Monday, June 28, 2010
11:12 PM
i'm damn stressed now!
it's like, maths was BAD. like really baddd ): i'm damn depressed after the paper. didnt do about 25marks. i really didnt know how to do T.T why am i so stupid omg. and the feeling that you're going to fail or at least do so much worse than everyone else sucks. and when i told my mum i think i'm gonna fail maths, she keep on nagging at me for not studying harder blah blah blah. say i whole day sms go online whatever shit. but not my fault! i DID study! i studied very hard somemore! considering how much i didnt listen in lectures and lessons (which i KINDA regret now) i think it's like not bad already. AH SIANNNN ):
and chem! omg. i'm like so unmotivated to study can. I HATE EXAMS IN THE AFTERNOON! stupid sh2s. steal our hall T.T omggg irritating ttm. it's like wake up in the morning, dont feel like studying, go home so late, study what study. damn. i attempted the past year chem paper. i got like 30/80. like omggg.
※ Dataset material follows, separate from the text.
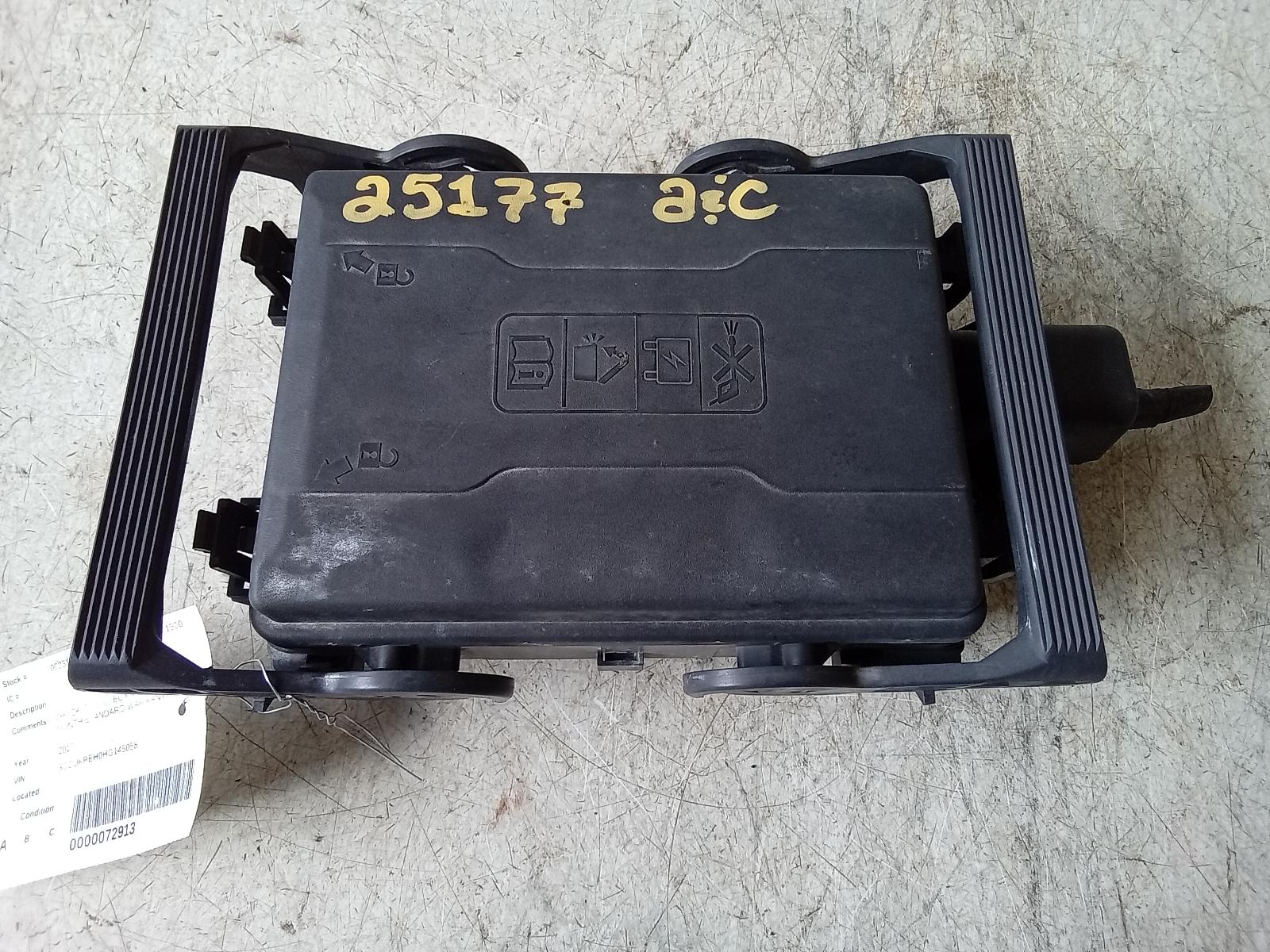 CHEVROLET SILVERADO 1500 PICKUP 2017 ID 84075777 Fuse Box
SIANNN! and i'm totally not in the mood to read my notes OR memorise anything! sometimes i think i'm so freaking smart and 假厉害 then i end up screwing myself during the exam ): joanne is not in a good mood now!
i cant make up my mind to sleep and continue studying tmr morning, or to continue studying now and sleep in later tmr. i'm damn saddd ): but i MUST pass tmr's paper! no more failing for me! (easier said than done omg) i dunno what to say but SIANNNN. my mood is totally like. SIAN-ness ttm.
i decided i need to start posting pictures! my blog's getting kinda dull.